WASHINGTON, DC – La semana pasada Univision reportó la historia de un joven DREAMer salvadoreño de Wheaton, Maryland, quien devolvió 2,000 dólares que el Bank of America le entregó de más cuando retiró dinero de la institución bancaria para comprar un auto.
El joven narró que cuando contó el dinero para pagar por el auto se percató del error y de inmediato contactó al banco para regresarles el dinero.
“De esta manera quiero demostrar que no todos los latinos somos criminales ni violadores”, declaró Christian Girón al noticiero.
Como la pieza apunta, Christian vive en el mismo condado de Maryland, Montgomery, donde dos jóvenes indocumentados son acusados de violar a una jovencita en el baño de una escuela secundaria.
Y en los pasados días han proliferado las historias de los horrendos delitos cometidos en diferentes partes del país por pandilleros de la Mara Salvatrucha (MS-13). Destaca la de un pandillero indocumentado que violó en Nueva York a una niña de apenas dos años de edad, hija de su novia. El delincuente apuñaló a su novia y también a otra mujer. Este elemento habría sido deportado en cuatro ocasiones.
Los contrastes entre Girón y el pandillero, ambos salvadoreños, son los contrastes de cualquier comunidad y grupo étnico en cualquier parte del mundo. Siempre hay ángeles y hay demonios.
Nadie defiende criminales. No se defiende lo indefendible.
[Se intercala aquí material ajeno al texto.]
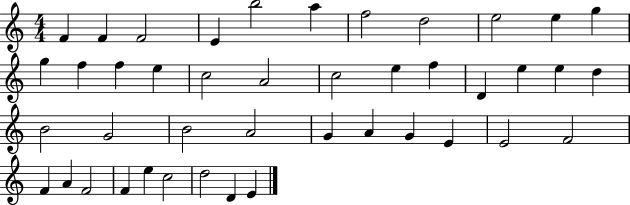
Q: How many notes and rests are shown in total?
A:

Pero es muy sencillo echar a todos los indocumentados en un mismo saco y tildarlos a todos de criminales y violadores aunque la realidad sea otra.
La inmensa mayoría de los indocumentados son personas trabajadoras que buscan un mejor porvenir para ellos y sus familias. Tienen dos y tres trabajos para empatar la pelea y proveer a sus familias; contribuyen a la economía con su mano de obra, el pago de impuestos de todo tipo y aportes a programas como el Seguro Social, aunque nunca reciban los beneficios por carecer de documentos. Pizcan alimentos, los sirven y los cocinan; cuidan a los hijos y los ancianos de otros; limpian casas, oficinas y hoteles; construyen casas y edificios, son jardineros, estudiantes y profesionales en diversos ámbitos. Son parte activa en sus comunidades, hacen trabajo voluntario, son buenos vecinos, se involucran en la educación y actividades extracurriculares de sus hijos, que muchas veces son ciudadanos estadounidenses. Se convierten en una parte tan intrínseca de la fibra de sus comunidades, que cuando son detenidos por autoridades migratorias para ser deportados, comunidades enteras se han volcado para pedir su liberación, incluso comunidades que votaron por el presidente Donald J. Trump, que tilda a todos los inmigrantes de criminales.
Y si usted habla con algunos de ellos se dará cuenta de que son los primeros en condenar a los delincuentes, precisamente porque también han sido o pueden ser víctimas de estos criminales.
De ahí que en las llamadas ciudades santuario las autoridades dependan de mantener la confianza de esos indocumentados para que reporten cuando son víctimas o testigos de delitos. Las ciudades santuario no nos hacen menos seguros, sino todo lo contrario.
Cuando un indocumentado comete un delito se esparce el temor de que ahora pagarán justos por pecadores, aunque diversos reportes, como el del American Immigration Council, han concluido, los inmigrantes cometen menos delitos que los nacidos en Estados Unidos.
Pero en medio de la atmósfera cargada y xenófoba que vivimos, en gran parte gracias a la narrativa de nuestro Comandante en Jefe y de sus subalternos, es fácil olvidar que en todas las comunidades hay ángeles y demonios.